Hierarchical Clustering
Implemented in R, using complete linkage clustering, generating the dendodiagram, and playing around different parameter seting to find a good clustering seperation. Cosine Similarity distance used.
3. Data Prep
For clustering data column, the dataset comes with user rating, number of reviews ,prices, years (publish) as original numerical data type. Besides, ‘Genere_n’ column (filled with value 0/1) will be created based on string type column genere, which indicates whether the book belongs to fiction, will also be used as clustering parameter. Finally, z-score normalization will be applied to some columns.
Detail for Data prepartion (Python):
https://github.com/BraydenZheng/Product_Recommendation/blob/master/clustering/data_prepare.ipynb
Link to sample data: book_clustering
4. Code
Code for K-means (Python): https://github.com/BraydenZheng/Product_Recommendation/blob/master/clustering/kmeans.ipynb
Code for Hierarchical Clustering (R): https://braydenzheng.github.io/clustering/skip_render/hierarchical.html
5. Result
5.1 K-Means
At the begining, I tried K = 3 for 5 dimension, althogh 5-D is hard to visualize, I still choose two feature (‘User rating’ and ‘Price’) to visualize the cluster. From picture above, we can see points dense in the center with overlap (500+ points in the graph), but still a clear outline for each cluster.
To further discover the best K, I used Silhouette score to try k value range between 3 and 21, and got the graph below.
Looks like when K equal to around 3, we have best silhouette score, which also shows in the graph with highest score around 0.41. When it goes to 5 or 6, it still have silhouette score around 0.33 while maintaing a good number of clusters, which is a great balance between cluster number and silhouette score.
To visualize and decide the best K, I also plot the cluster image for K = 4, 5, 6. (I put 5 features for clustering, in order for plot 2-D, I only choose two features)
While it’s hard to determine the best K based on these 2-D graphs, and the three graphs do have dense points gathered in the middle, we still can find the border between each one especially for the outer part, becasue these 3 choices all have good silhouetee score and distribution, I will choose K equal to 6 for a cluster of total 550 books, which will be just on the average so that customer will not feel overwhlemdw with too many categories but also maintains a good variety.
5.2 Hierchical Clustering
Similar setting is also used for hierarchical clustering, after applying cosine similarity as dist, I tried K as [5, 6, 7] for the clustering, and get graph results below.
K = 5
K = 6
K = 7
From visualization above, one common thing I observe is one cluster took majority of the space (Blue for K == 5, 6 and Red for K == 7). Regards to best K choice, I considered factors that make the tree balanced, having a suitable number of clusters that not too high or too low, also letting each cluster has similar size (keep variance low). K as 7 in this case did best in these valuation factor, which has a good representation of each category also balanced size of the tree.

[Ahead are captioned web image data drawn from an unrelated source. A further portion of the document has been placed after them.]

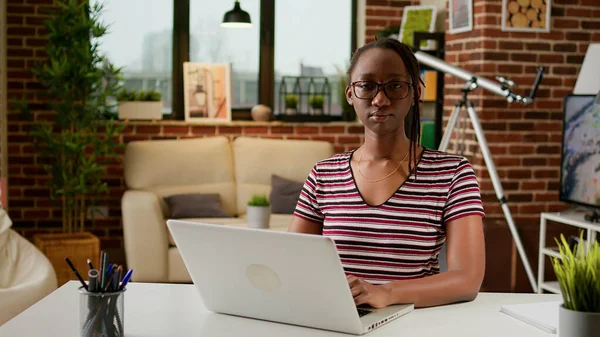 Portrait of female freelancer working remotely from home, using laptop and online connection to do business job in living room. Office employee doing startup remote work at desk.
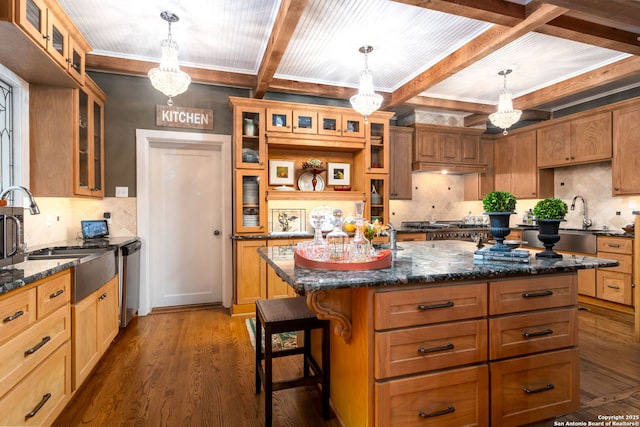 kitchen featuring pendant lighting, stainless steel dishwasher, dark hardwood / wood-style floors, and a kitchen island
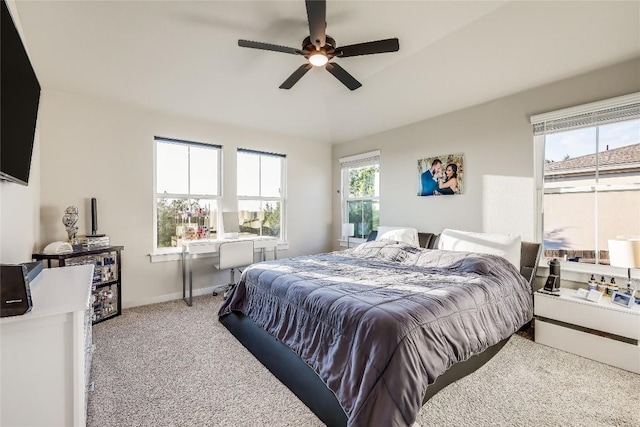 3204 Mount Vernon Ave, Lago Vista, TX 78645 - bedroom featuring light carpet, an office area, ceiling fan, and baseboards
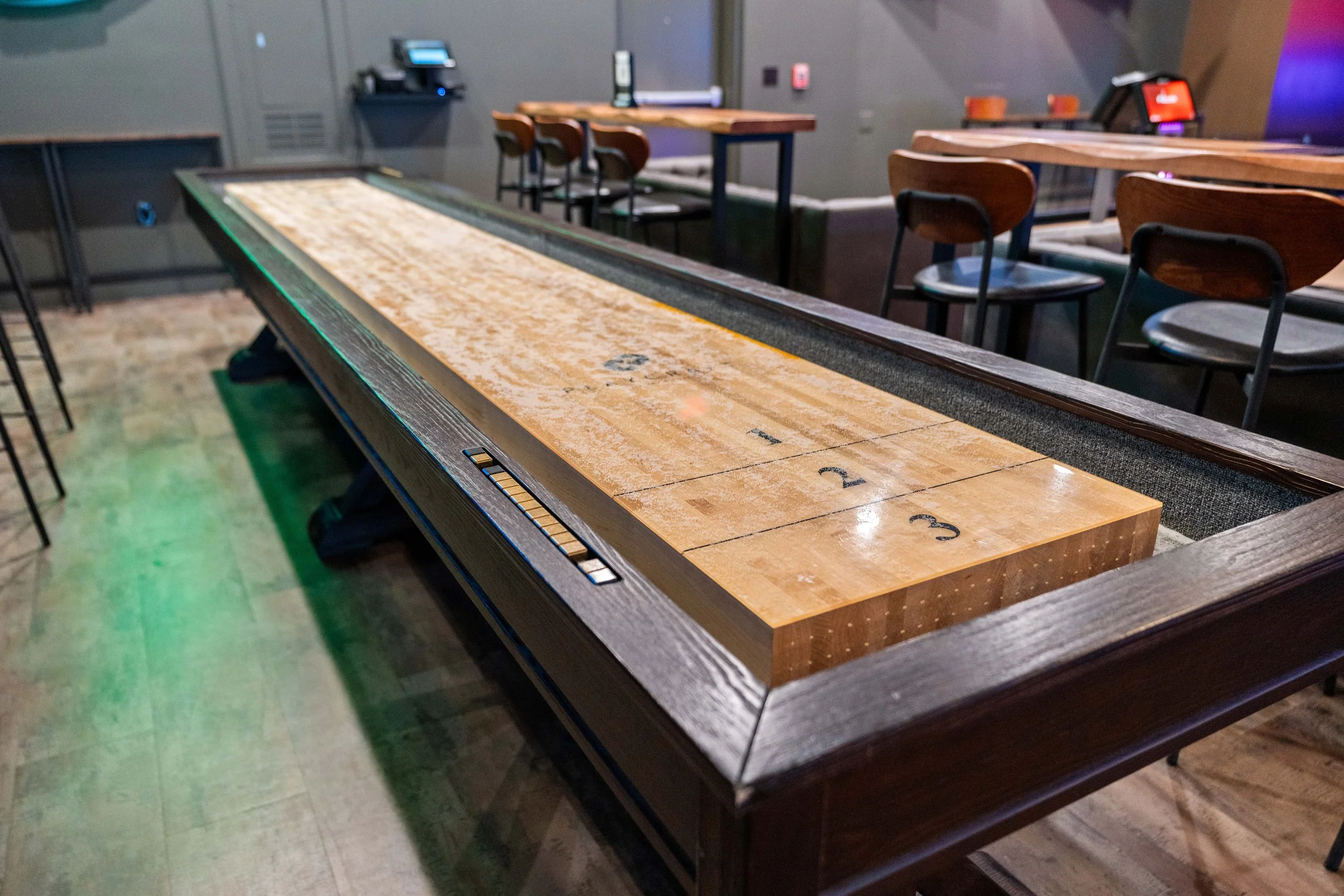 Shuffleboard table at Tap Ins sports bar with wooden chairs and tables in the background. project by B Group Architecture, Inc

Compare to K - means, the best K for two algorithms is pretty close (K-means is 6, hclust is 7). For choice in K-means, the silhouette coefficient plays an important role so I choose a small K which makes data points close to each other. For hclust, I consdier more about the tree balanced and its portion ‘big picture’, both of them lead to a similar result at the end.
Conclusions
It’s good practice to apply these two efficient methods for the book clustering, I learned different factors and consideration for find a best K value, that’s also find the number of category for the book recommendation actually. Sometimes, all these values, scores (Silhouette coefficient and tree height), even for distruibtion give us a reference for choosing the K - category, but make a final decison for both K and clustering usually requries extra consideration for business factors or the customer preference.